But playwright Howard Brenton wants us first to appreciate where they’ve come from and how they got there, via the trenches of the Battle of Loos and some 59,247 British casualties.

Act I is slightly formless, as it squeezes in jaunty portraits from the home life of Jack Twigg – who skips taking up his place to go to Oxford to sign up for the war – and the night of passion he shares with the Hon Penelope Wedgewood before he departs.
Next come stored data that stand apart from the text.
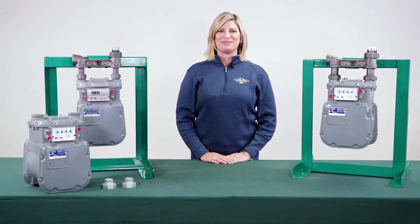Now you know the benefits of using AY McDonald meter adapters along with how to properly convert meter connections using a meter adapter. I'm Nicole Newhouse and this has been a McDonald Minute.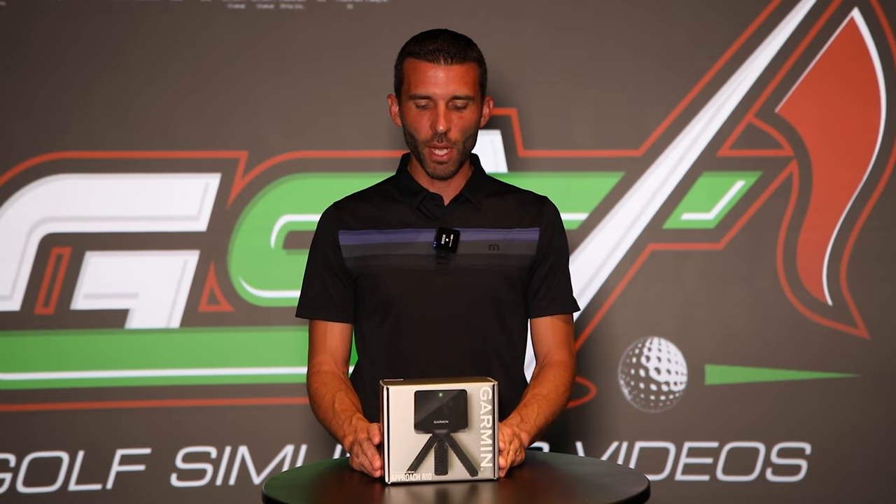Welcome back to Golf Simulator Videos. We have an awesome video for you today. As you can see here, we got our hands on a Garmin R10 Golf Launch Monitor — that's the Garmin Approach R10 Radar-Based Portable Golf Launch Monitor.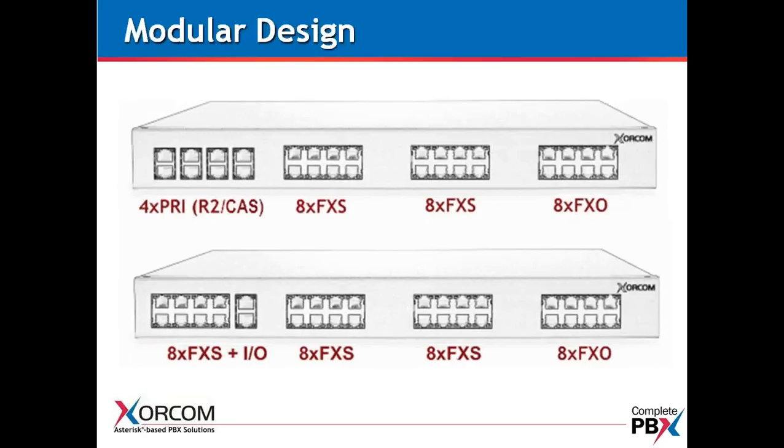A couple more examples showing the AstroBanks. On the bottom there, you will also see the I/O ports. When you have the FXS or Foreign Exchange Station for regular standard analog extensions and analog telephones, it's the first port on the left. You could also have I/O ports — these are like normally open or normally closed relays. You could also mix the FXO or Foreign Exchange Office lines, which are standard analog PSTN terminations — standard analog telephone lines.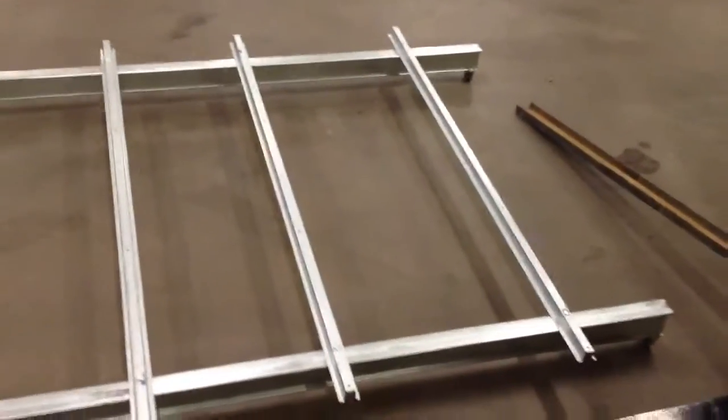You guys have seen this one before. Now we also have a table ready right here, where the panels will be put on. Six panels are going to go on each one of these, and we have twelve of them.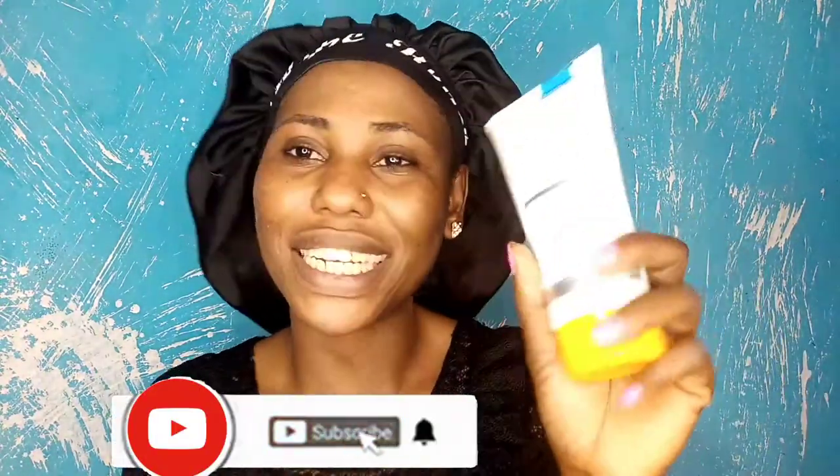If you found this video helpful, please hit the subscribe button. If you intend on buying this product, put it in the comment section and let me know, and when you use it come tell me how it worked for you. Share and like this video. If you've been watching my videos and haven't subscribed yet, please smash the subscribe button. I'll see you in my next video — bye bye!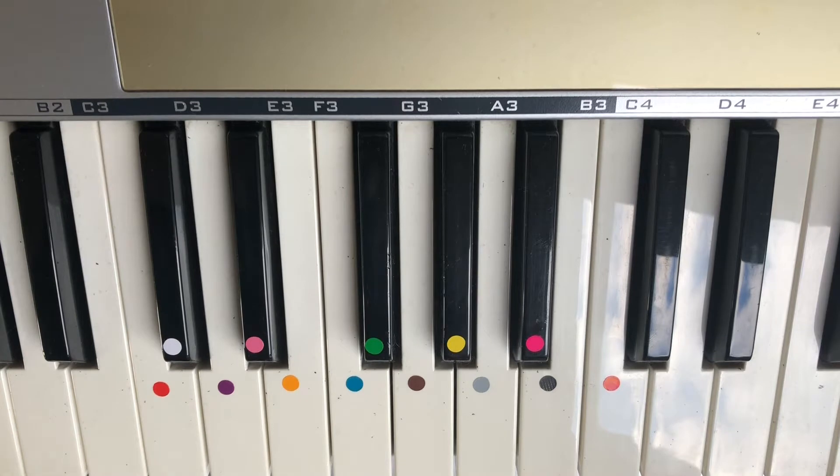Today's video is a tutorial on how to play the D minor scale. This is the one that sounds sad because it's a minor scale, and it sounds like this.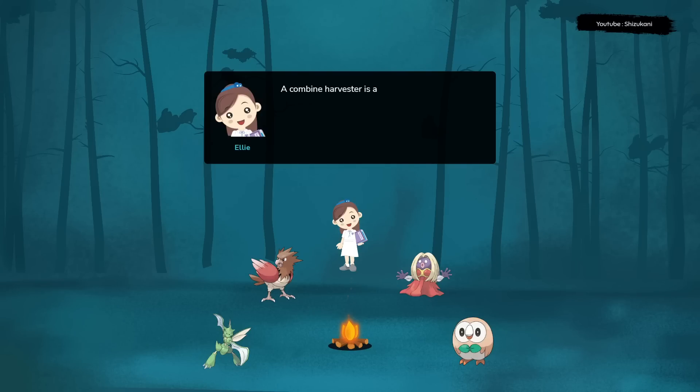A combine harvester is a large farming machine used to harvest crops such as wheat, corn, and soybeans. It is a complex piece of equipment that combines several different functions into one machine, making it an essential tool for modern farming.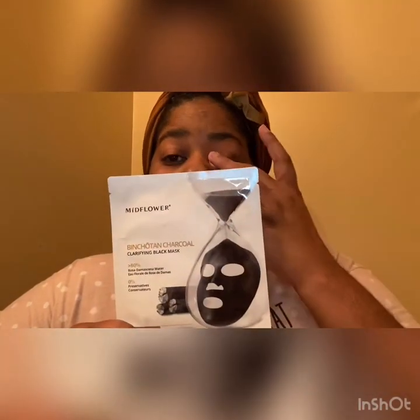First of all, I don't know how anybody would try to pronounce this word — Benchoten? Bencotin? The H could be silent, it could be Bencotin or Benchoten. It's a charcoal clarifying black mask, 80 percent. This one had flowers on the package. It's rosa water 80 percent and zero percent preservatives — a cleansing and detoxifying sheet mask. So it's the black mask, I'm gonna leave it on 20 to 30 minutes.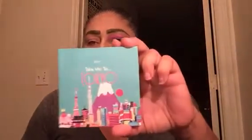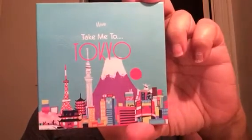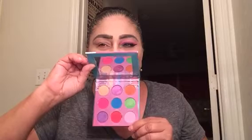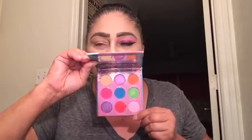I wanted to talk to you guys about the Mavi collection. It's a new indie brand and they have these amazing palettes — the pricing is very good. I fell in love with this one, 'Take Me to Tokyo,' as soon as I saw it on their website. They launched on November 6th. This is what the palette looks like — it has a nice mirror, the colors are very pigmented, it's a beautiful palette for those of you who like color. And even though I'm already in my 50s, I like a little bit of color!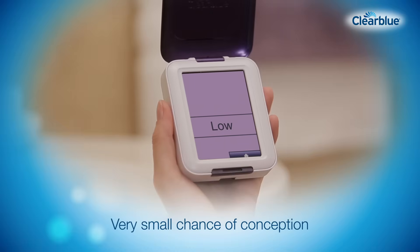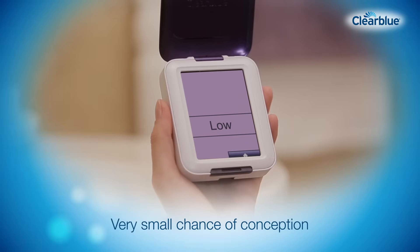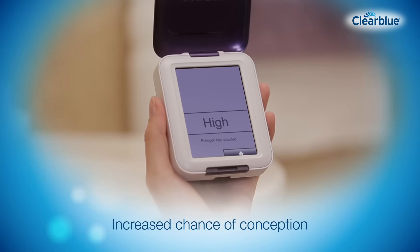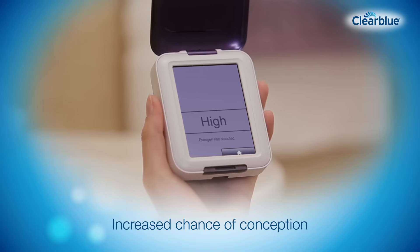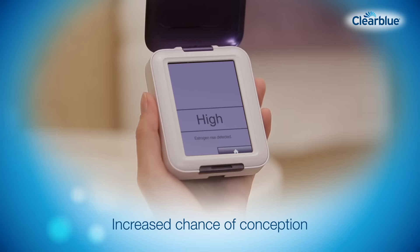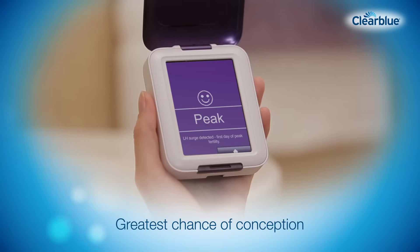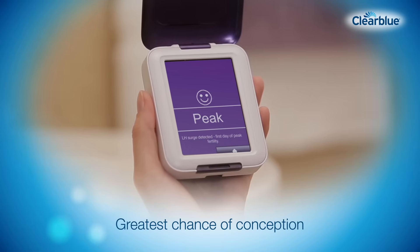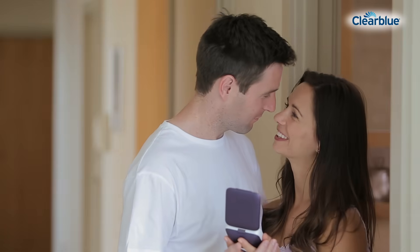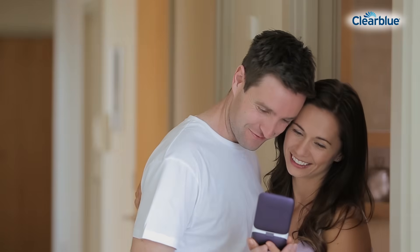Your fertility status will be displayed. If it's low, it's unlikely but not impossible that you will conceive if you have sex today. If it's high, you are approaching your peak fertility and have an increased chance of conception if you have sex on high fertility days. If you have sex whilst peak is displayed, you have the greatest chance of conception. Having sex on high and peak days maximizes your chances of getting pregnant.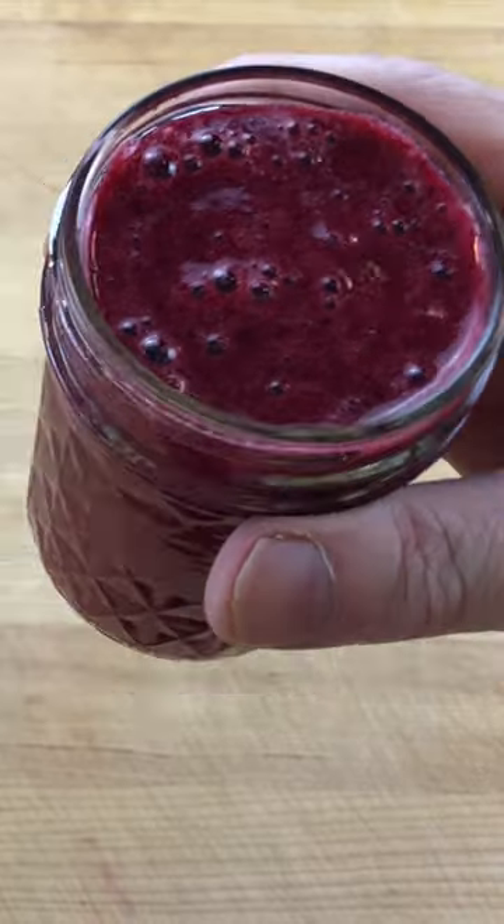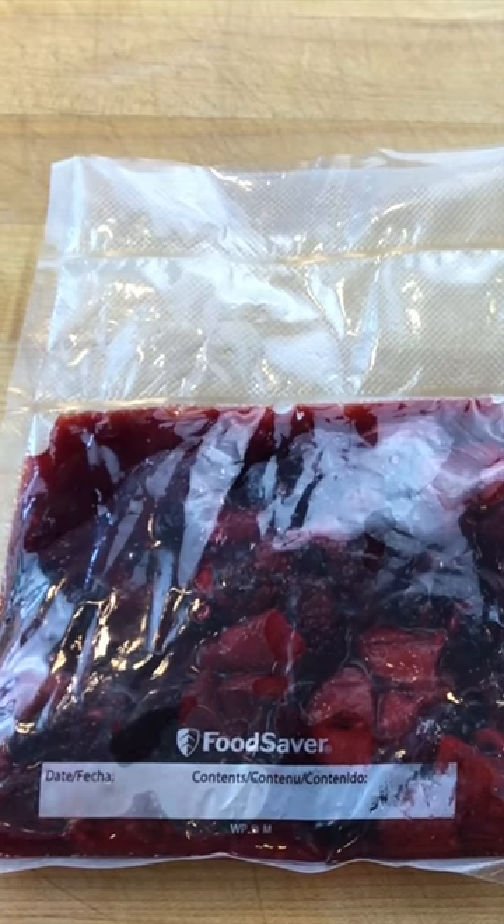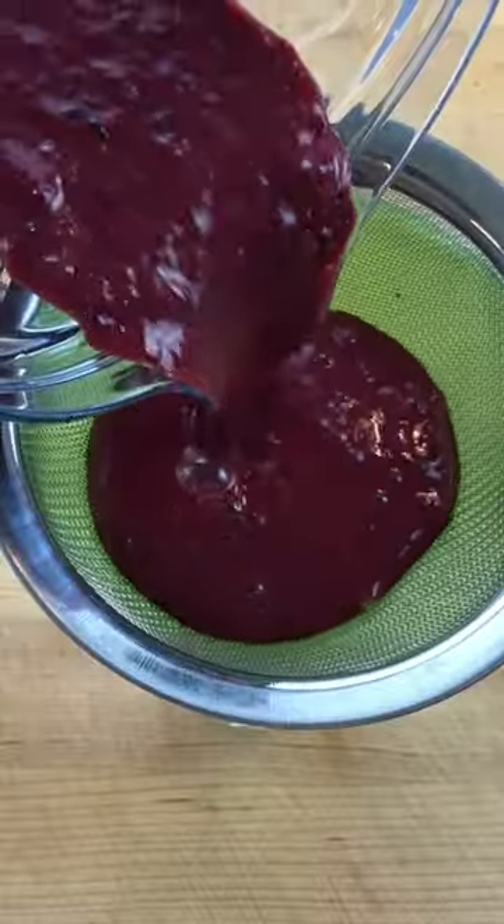To make a cup of bumbleberry coulee, poach 250 grams mixed berries with 50 grams of honey at 185 degrees Fahrenheit for 30 minutes and allow to cool. Then puree and strain the berries into an intense sauce.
And then, of course, there’s a scene in the trenches itself, and the soldiers’ charge into battle.

Act II, though a lot more earnest, is also much more involving, as we now visit the hospital where Twigg, who virtually lost his entire face, is being treated. Dr Gillies is the plastic surgery pioneer reconstructing it, and his story, in particular, is fascinating. Brenton now creates greater dramatic tension and interest, with hospital visits from royalty and Jack’s own parents providing particularly moving scenes.

John Dove’s production, with its live musicians providing atmospheric accompaniment, keeps the action fluid, and his actors – in particular Will Featherstone’s Jack and James Garnon’s Dr Gillies – lend strong characterisations to a play that sometimes trades in cliche but resonates with feeling.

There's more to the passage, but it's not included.